A packet in a network

Now that you have written a CAN traffic decoder and stored parsed data into a persistent SQL database, you'll make one final adjustment to complete your telemetry processing pipeline. In this chapter, you will adapt your code to receive CAN traffic as packets over a radio network instead of reading from a file.

A stream of bytes, revisited

In Chapter 3, we discussed how CAN data is initially nothing more than a stream of bytes sent on an electrical transmission line. You then learned how to decode that data into Python objects and store it inside of SQL tables.
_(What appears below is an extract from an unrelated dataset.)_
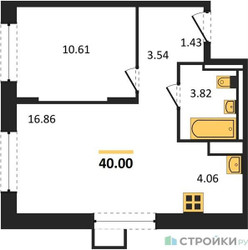 Планировка однокомнатной(квартира) площадью 40 квадратных метров в ЖК “ЖК Пригород Лесное”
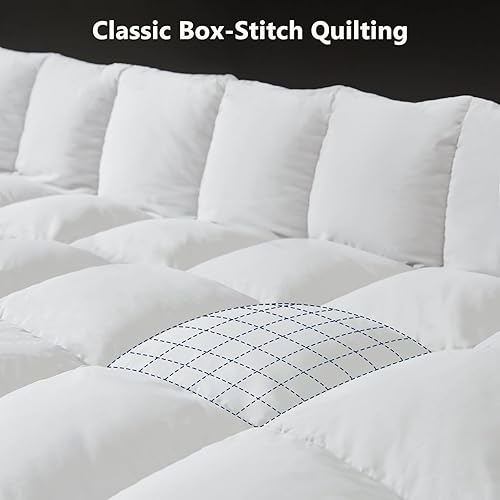 Miniatura 3 de Homemate Edredón de plumón de ganso tamaño Queen, relleno de edredón de plumón blanco, caja deflectora, cálido para invierno, edredón de plumas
But to complete this simplified telemetry pipeline, we'll need to revisit the idea of byte-streams to understand how data is transferred from the car to the base-station.

Bytes sent over a network

Messages sent over our XBee wireless transmitters are packets of no more than 256 bytes. These messages are not Python objects or SQL tables—they are just bytes. This means that any Python representation of a decoded CAN message must be serialized into a stream of bytes, sent over the radio network, and then deserialized back into a Python object on the receiving end. This is what we have to do in our current pipeline.

But since having you serialize and deserialize Python objects is more trouble than its worth for training, you will adapt your pipeline to simply accept CAN frames (which you already know how to handle as bytes) from the receiving end of the network instead of from a file. Still, you should be aware that (de)serialization is always at play whenever data structures need to be transferred between different environments.

Exercise - Parsing from a distance

To complete your telemetry pipeline, adjust your code to accept CAN frames as packets over an XBee network instead of from a file. This exercise uses the same CAN configuration as Part 1 of section 4.2 (one MPPT at base address 0x600).

You will need to review the information in the hardware reference for the XBee devices. In particular, you will need to install the digi-xbee Python package. You can install by running the following command in the terminal:

$ pip install digi-xbee

This will install the digi-xbee package in your current Python environment, which is probably the global environment. Going forward, you will want to install packages into per-project virtual environments, but installing this one globally is fine.

You will also need some help setting up the XBee on your laptop and coordinating with another laptop sending the CAN traffic.

The command line

Commands given in this chapter follow the format $ [command] first mentioned in the Python setup chapter. Remember that the $ indicates that the [command] should be run in the terminal and is not itself part of the command.

This chapter also assumes a Unix (i.e. macOS or Linux) command line.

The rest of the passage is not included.